A small handful of experts claim to have evidence that our satellite produces forces that can trigger earthquakes.
The moon's effect on earthquakes was hidden
Scientists have long pondered whether the moon's tides could be linked to earthquakes. After all, our satellite is always there, shifting the weight of the oceans and pulling at our planet.
Surely, all that pressure, even if it is incremental, would add up to a significant effect, scientists asked.
But until recently, datasets were not good enough to show the link between the moon and earthquakes, and the pull was deemed too weak to have any significant impact.
"For a while, it was a field where only fools worked," Chris Scholtz, a geologist and professor emeritus of earth and environmental science at Columbia Climate School, told Insider.
But with the advent of bigger and more comprehensive datasets over the past 20 years, the influence of the moon has started to emerge from the data. And it seems that in some cases, the moon did help trigger earthquakes around the world.
"With these huge datasets, they started to get some small but significant correlation," Scholtz said, adding: "Now it's credible," he said.
The moon can put the weight of the ocean on a volcano
A 2004 paper published in the peer-reviewed journal Science, for instance, found that earthquakes along underwater fault lines seemed to follow the tides of the ocean.

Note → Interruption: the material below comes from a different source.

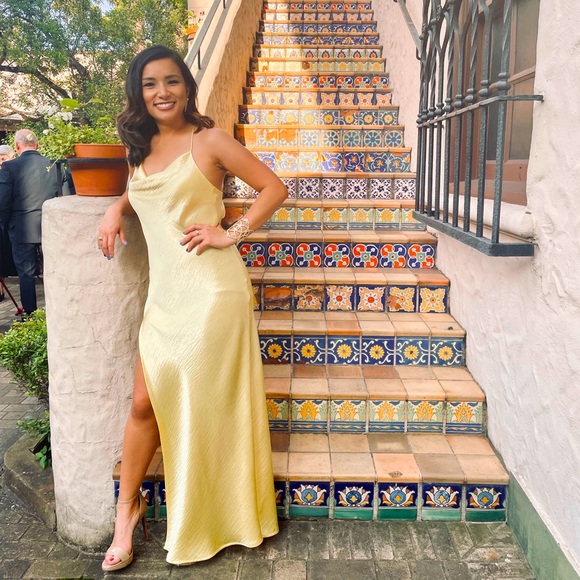 RESA river slip satin gown in butter yellow - Picture 4 of 5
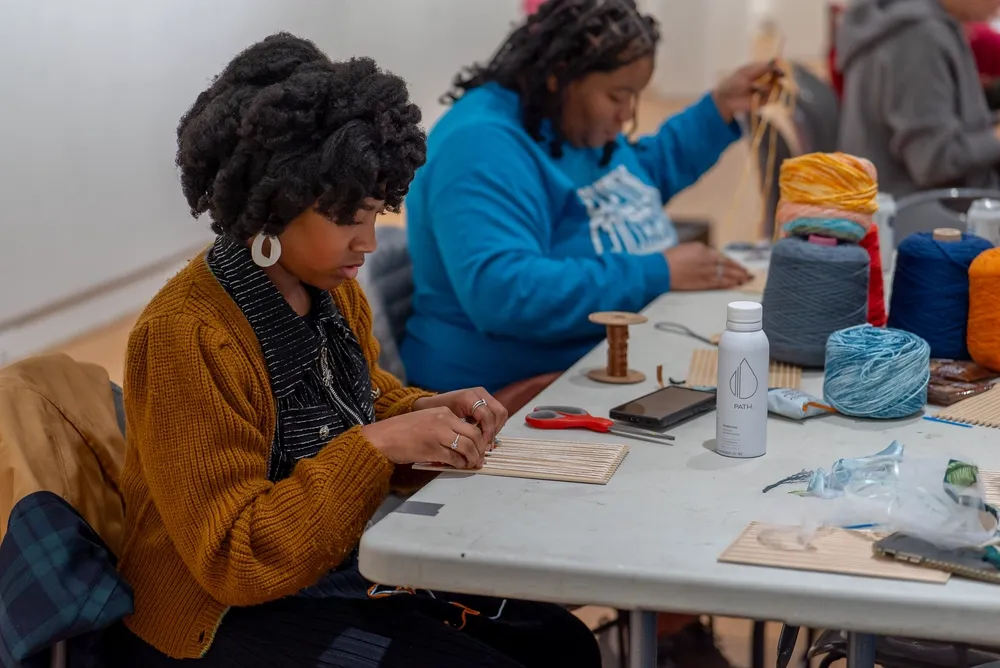 Weaving Stories: a Workshop for Craft in Chicago from the 1970s-80s and Beyond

Scholtz and his team set out to study how the moon could be exerting its power on the earthquakes on the Axial Volcano on the Juan de Fuca ridge off the West coast of the US. Earthquakes here are about ten-fold more likely to happen when the tide has gone out, Scholtz said.
Their study, published in Nature Communications in 2019, found an explanation for the link between the moon and earthquakes. It suggested they were caused by the weight of the ocean pressing down on a volcano's magma chamber.
"What's happening is the tides are actually making the magma chamber inflate and deflate," he said. "That's what's causing the earthquakes."
Then when the tide is low, less water presses down on the chamber, which then inflates. This, in turn, puts more pressure on the fault line, making it more likely to jerk and create an earthquake.
The moon is also pulling at Earth's rocks
It's not just in the oceans where the moon is causing havoc. Though we may not feel it, the moon also causes tiny, but important, tides in rocks.
While standing on the surface of the Earth, it may be difficult to imagine mountains ebbing and flowing like the ocean, but rocks do bulge and squish under the pull from the moon
"Solid earth tides are the same as the tides, it's just on the solid earth. And the amplitude of motion is very tiny because the earth is very stiff," said Scholtz.
"You can measure it with a very sensitive instrument. But you can't notice it," he said.
These tides can deform the Earth by up to about 22 inches vertically and about 11 inches horizontally every day, Davide Zaccagnino, PhD student of geophysics at the Sapienza University of Rome, told Insider in an email.
"While fluids can flow, rocks can just slightly change their shape according to the intensity and direction of the tidal perturbation, which promotes stress accumulation," said Zaccagnino.
If rocks are already overstressed because of the action of tectonic forces, even a small stress the pull of the moon can be the straw that breaks the camel's back, creating a crack in the rock, he said.
"If surrounding rocks are also unstable, the fracture can speed up to involve large fault patches. The final outcome is an earthquake," said Zaccagnino.
It can push earthquakes over the edge
Let's get one thing clear: the moon isn't causing these earthquakes. Rather, it is when the rock is on the very brink of collapse that the moon's small tug could push it past that final tipping point.
This only happens in very specific circumstances, for instance, when the pressure from the moon's gravitational pull lines up perfectly with the fault line. So it is not like we could say that every earthquake is more likely to happen when the moon is out.
"Tides cannot help us to predict earthquakes. But they can help us to better understand their physics, which is still mainly unknown," said Zaccagnino.
Knowing when the moon's pull has been able to trigger on an earthquake can help us, for instance, understand when the crust was at a breaking point, Zaccagnino said.